**EXCERPTED DATA**
————————
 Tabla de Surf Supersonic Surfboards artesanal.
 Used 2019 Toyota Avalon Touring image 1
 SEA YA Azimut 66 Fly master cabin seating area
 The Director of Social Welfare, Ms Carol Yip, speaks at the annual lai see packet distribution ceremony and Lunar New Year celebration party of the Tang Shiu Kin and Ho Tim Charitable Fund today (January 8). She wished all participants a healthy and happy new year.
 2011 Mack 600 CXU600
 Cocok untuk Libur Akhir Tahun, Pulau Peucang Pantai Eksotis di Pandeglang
————————
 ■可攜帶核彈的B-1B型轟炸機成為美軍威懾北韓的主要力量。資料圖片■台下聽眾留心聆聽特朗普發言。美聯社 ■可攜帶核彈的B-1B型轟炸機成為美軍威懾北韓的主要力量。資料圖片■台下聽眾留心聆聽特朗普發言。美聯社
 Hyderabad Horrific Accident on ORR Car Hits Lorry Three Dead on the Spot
————————
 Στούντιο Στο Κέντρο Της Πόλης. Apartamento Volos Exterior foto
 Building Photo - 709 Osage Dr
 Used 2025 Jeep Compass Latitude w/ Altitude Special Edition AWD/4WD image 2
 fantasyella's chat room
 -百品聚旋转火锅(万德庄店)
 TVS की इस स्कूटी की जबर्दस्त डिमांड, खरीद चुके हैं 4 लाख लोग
————————
**WHAT IS REQUIRED**
Could you show every line of the listing that holds the string "Used"?

**SOLUTION FOR THIS PROBLEM**
 Used 2019 Toyota Avalon Touring image 1
 Used 2025 Jeep Compass Latitude w/ Altitude Special Edition AWD/4WD image 2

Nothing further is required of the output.